Os arranjos das músicas estão ok. Trabalharia mais a questão de elaboração de refrão. Algo importante dentro desse cenário pop/rock, que ajudaria a se diferenciar dos demais artistas da cena underground brasileira. Os guitarristas fizeram um trabalho competente, alguns solos bonitos. O trabalho de teclado também está bacana. Minha puxada de orelha vai para o trabalho vocal pela seguinte razão: ela canta o tempo todo para cima e quase sempre na mesma região. Algo que cansa o ouvinte, gasta a voz e não explora todos os recursos que os arranjos permitem. Aconselharia arranjar as músicas um tom abaixo e trabalhar mais a linha vocal. Cantar os versos para baixo e o refrão para cima (e quando fala verso mais para baixo é bem mais para baixo), cantar o trecho de alguma música com algum efeito, quebrar o clima criando uma ponte com uma diferente técnica… Enfim, as possibilidades são infinitas.
De um modo geral, o trabalho da garota é bem feito, mas carece de alguns ajustes. Alguém que possa ajudar na definição do tracklist e que pudesse ajuda-la a equacionar melhor a questão vocal seria bem-vindo. A produção do CD, para um produto independente, é boa. Gravação de boa qualidade, encarte bem elaborado com todas as letras e nome dos músicos participantes, enfim…
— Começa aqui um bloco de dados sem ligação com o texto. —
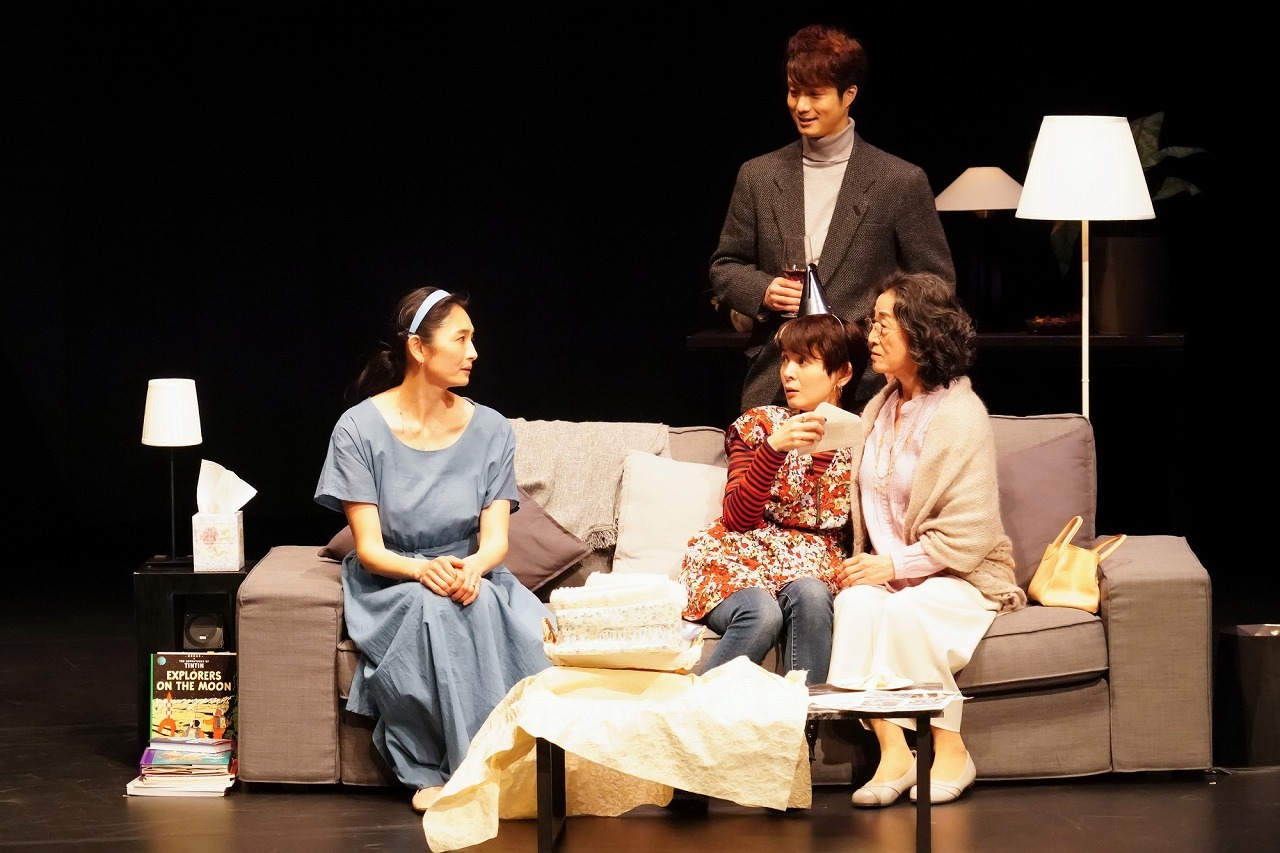 （前列左から）小島聖、占部房子、木野花（後列）田代万里生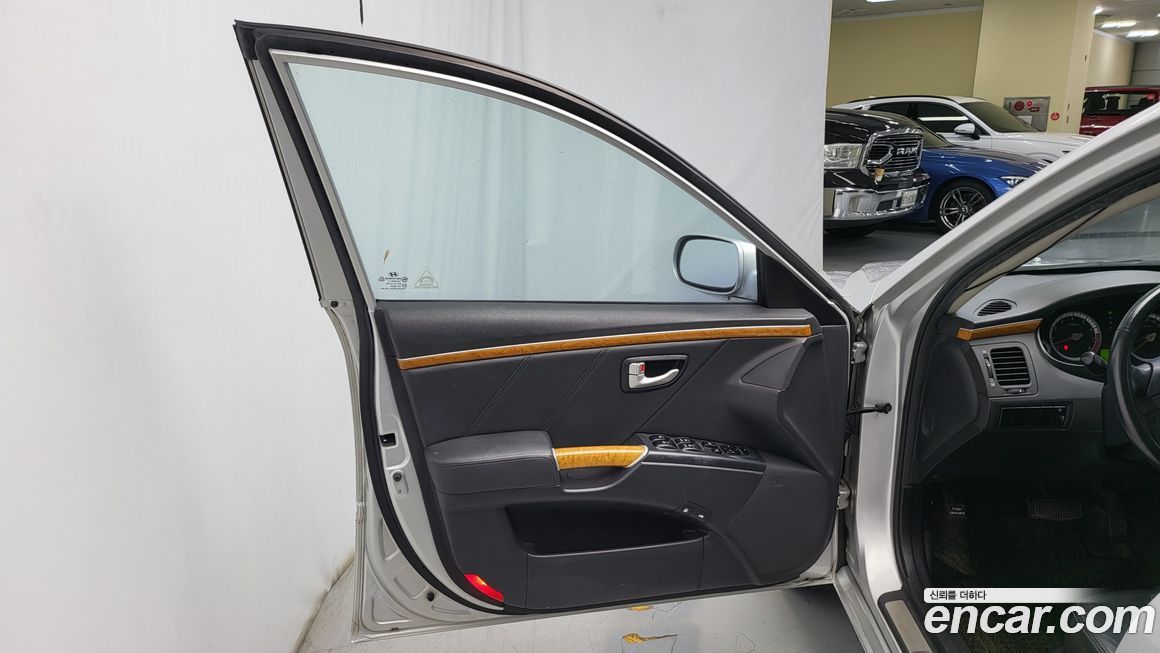 Hyundai Grandeur 2008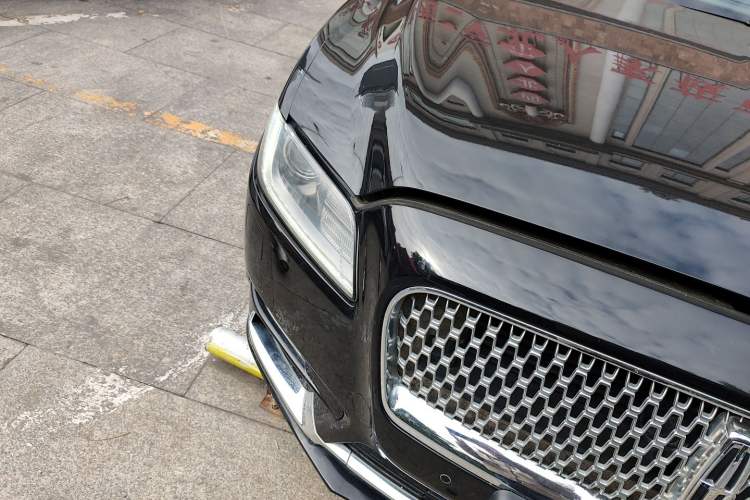 Used Lincoln Continental 2018 2.0T Two-Wheel Drive Deluxe Edition Right Front Headlight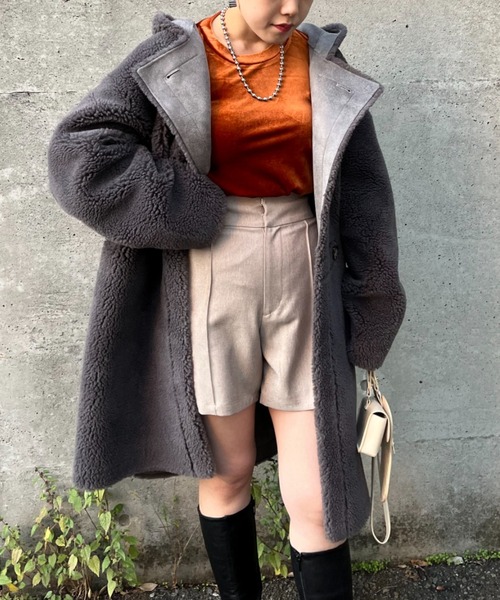 CIAOPANIC（チャオパニック）の「リバーシブルフェイクボアコート（ムートンコート・レディース・レモンイエロー/チャコールグレー・FREE）」の7枚目の写真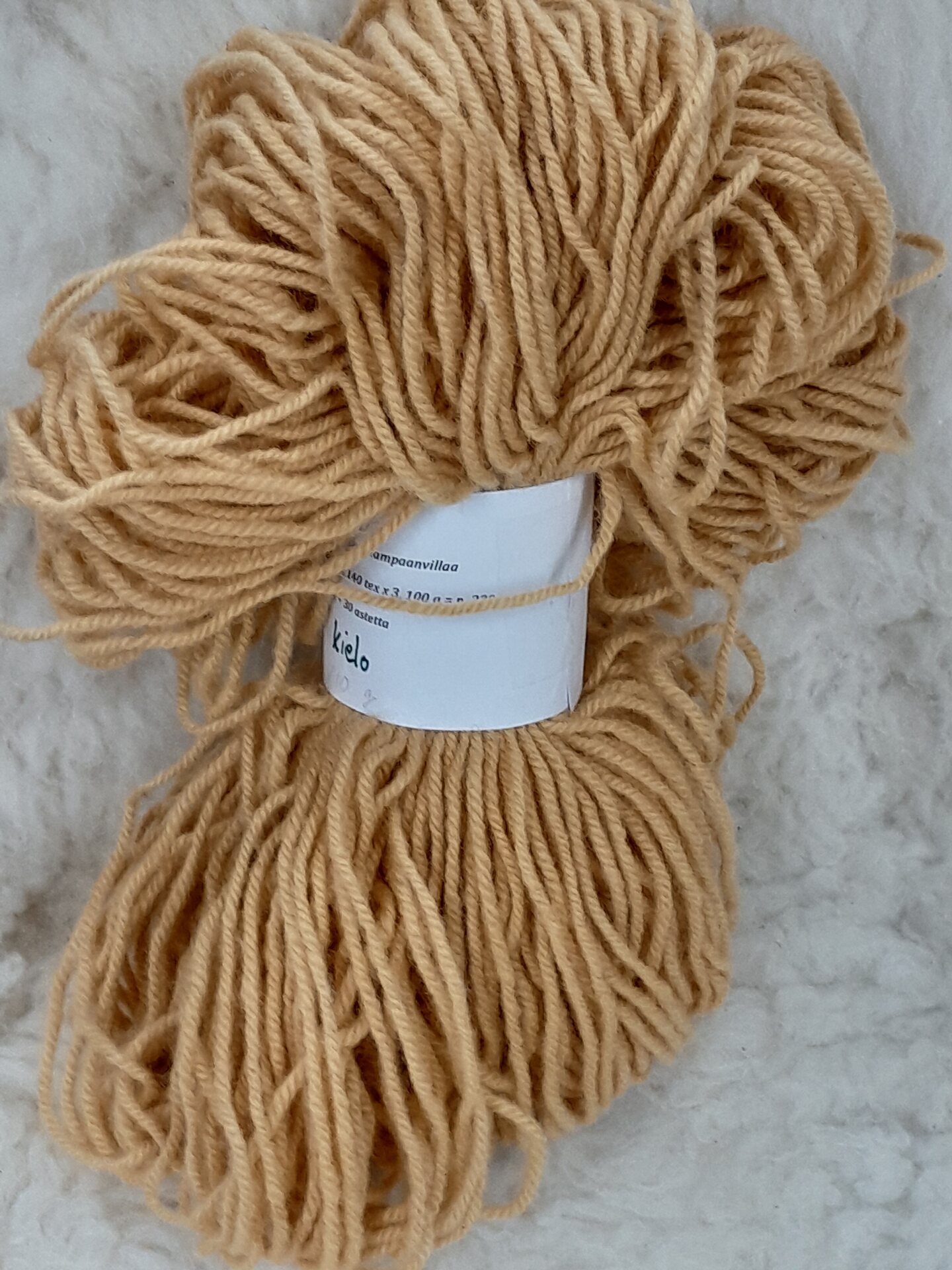 Kasvivärjätty sukkalanka 140x3, 100g n.230m Kielo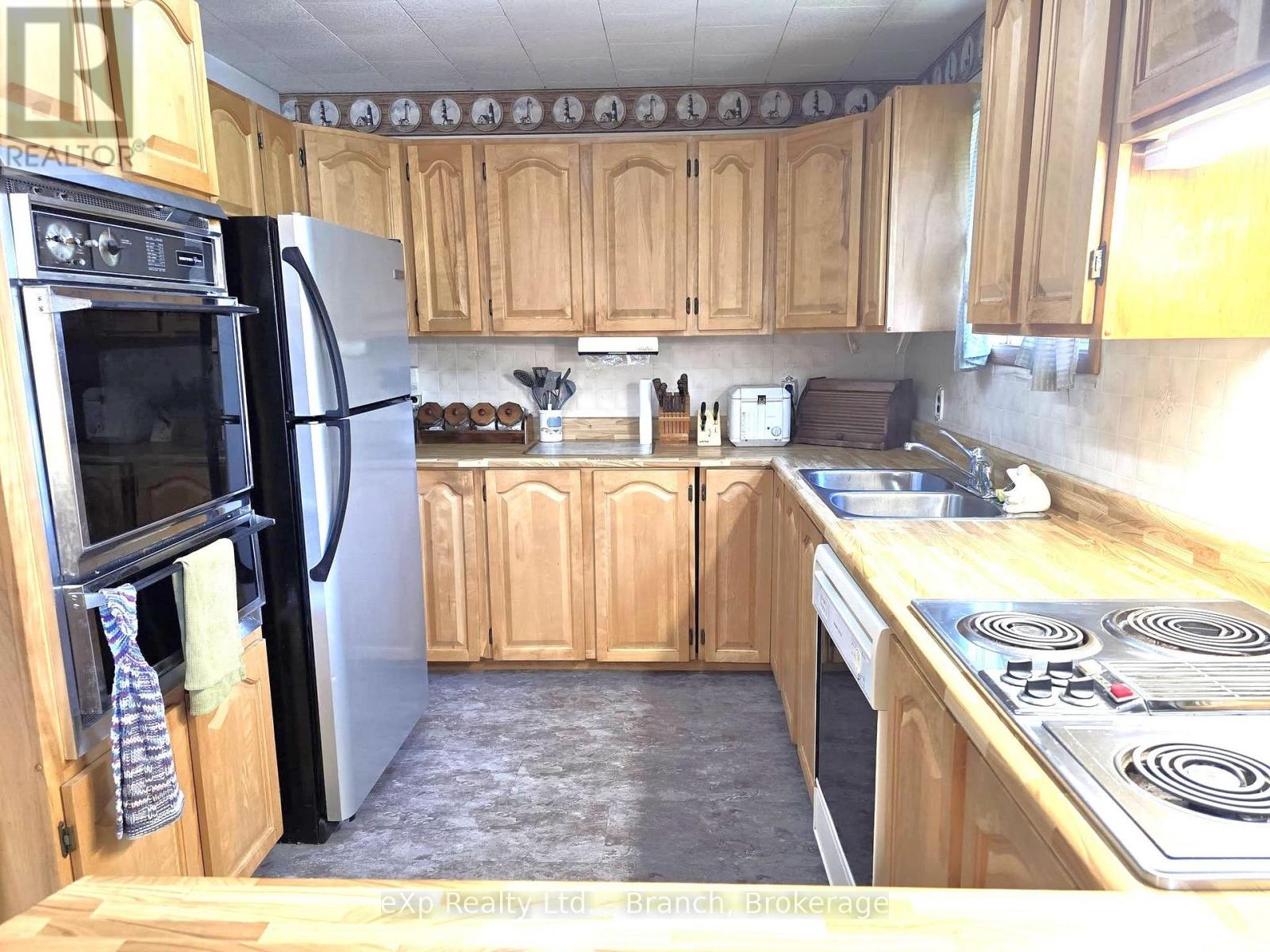 34 Third Avenue, Kirkland Lake, Ontario  P0K 1L0 - Photo 14 - T13655662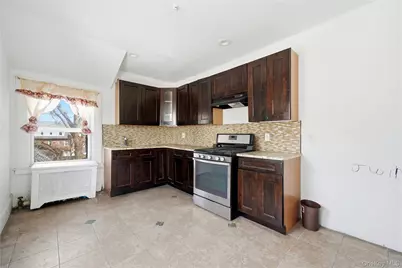 1046 Dickens Street, Far Rockaway, NY 11691 - Photo 17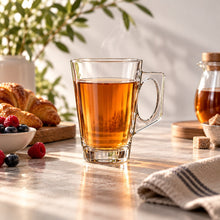 Lade das Bild in den Galerie-Viewer, OONYQ Crystal Tea 380 ml – bruchsicheres Teeglas mit Henkel aus Tritan mit schwarzem Tee

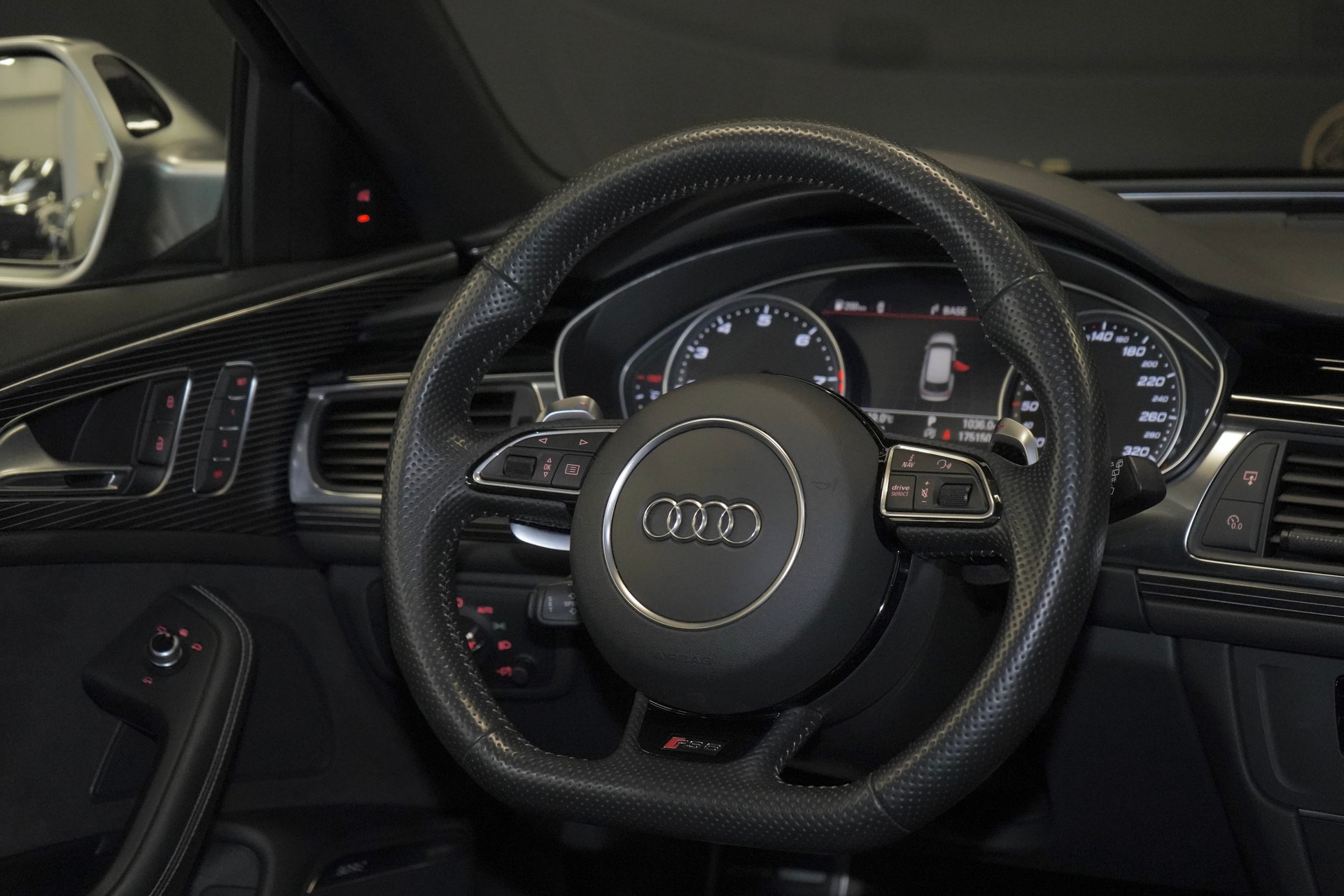 AUDI RS6 Avant 4.0 TFSI V8 performance quattro *Akrapovic Auspuffblenden, Spurassistent, Garantie 12Monate oder 20'000km, Bose*-image-4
O mercado de pop/rock sempre teve um grande público no Brasil e a cena está carente de novos nomes no gênero. Tem muito artista bom surgindo, mas a maioria ou está indo para o lado mais heavy metal ou está indo para o lado mais alternativo, mais indie. Existe uma importante fatia aí a ser explorada. Lapidando aqui e ali, dá para chegar lá.
Faixas:
- Folha de Papel
- Haverá Amanhãs
- Nossa Velha Bandeira
- Uma Longa Caminhada
- Pedras Preciosas
- O Amor
- Novamente
- Sonhos Refeitos
- O Que Será, Será
- Nada É Perdido
- Tempo
- Com e Sem Você
- Um Dia de Lenhador
- A Mágica da Vida
O Davi fez uma bela resenha para esse disco. Particularmente, não gostei do que ouvi. Mas o Davi conseguiu pontuar muito bem os elogios e, principalmente, as sugestões de melhorias para o vocal da Cris Lobo. Parabéns mesmo, meu caro!